The economist Deirdre McCloskey cites this as evidence that the human impulse toward exchange and profit-seeking gain has always existed.
“If Mayans lived in a gainless, profitless, nonmarket economy, it would not matter to them how expensive obsidian was. But…the ratio varied inversely with the distance from the sources of the obsidian. By taking more care with more costly obsidian, the blade makers were earning better profits, as they did by taking less care with less costly obsidian.”
Formal markets add property rights and legal enforcement. But they channel innate human behaviors that were already there, contrary to the popular belief that capitalism “causes” consumerism.
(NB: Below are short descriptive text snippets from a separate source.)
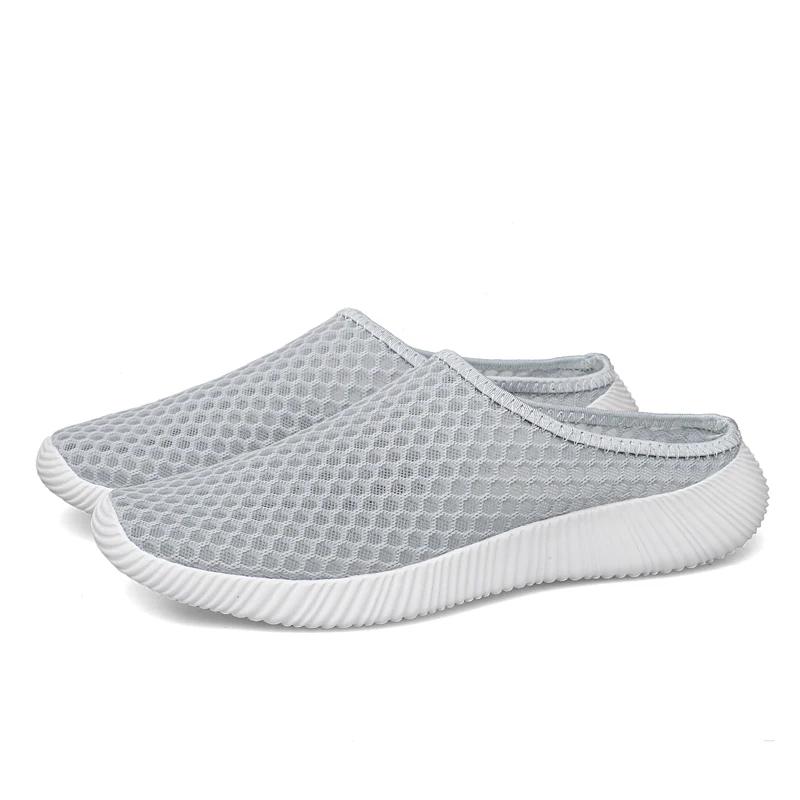 Chaussures d'été pour femmes, demi-pantoufles, chaussures en maille unisexes pour femmes, mode intér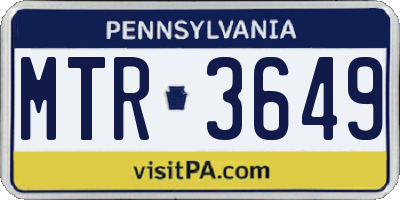 PA license plate MTR3649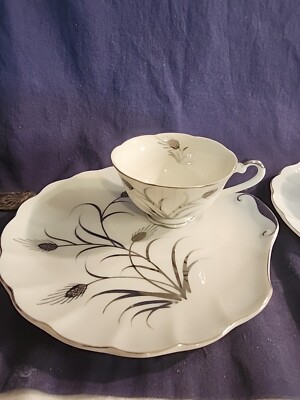 Lefton China Hand Painted Shell Shaped Silver Wheat Plate and Tea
Modern Japan (and parts of Asia) offers a vivid illustration of what that economic logic looks like in the extremes.
The average Tokyo street is chock-full of cute and colorful Gachapon capsule machines. People flock to them for the prospect of a rare collectible.
Yet a meaningful share of buyers in these markets aren’t pure collectors: Many chase quick flips.
Take Asia’s latest Labubu phenomenon, for instance. Resale prices of the wildly popular Pop Mart series reportedly halved when the company announced a supply increase.
There’s also evidence that at least 40% of consumers buy such toys for “appreciation potential.”
But if profit-seeking is the dominant motive to make and sell these things, then it’s not surprising that the door to hyperfinancialization inevitably swings wide open.
Predictably, crypto entrepreneurs are the first ones kicking the door down.
In the last few months, Gachapon-like platforms have seen growing product-market fit. Total money spent on platforms like Courtyard, Collector Crypt, Phygitals and Emporium grew from $10.4 million in January to $61.1 million in August, according to Memento Research.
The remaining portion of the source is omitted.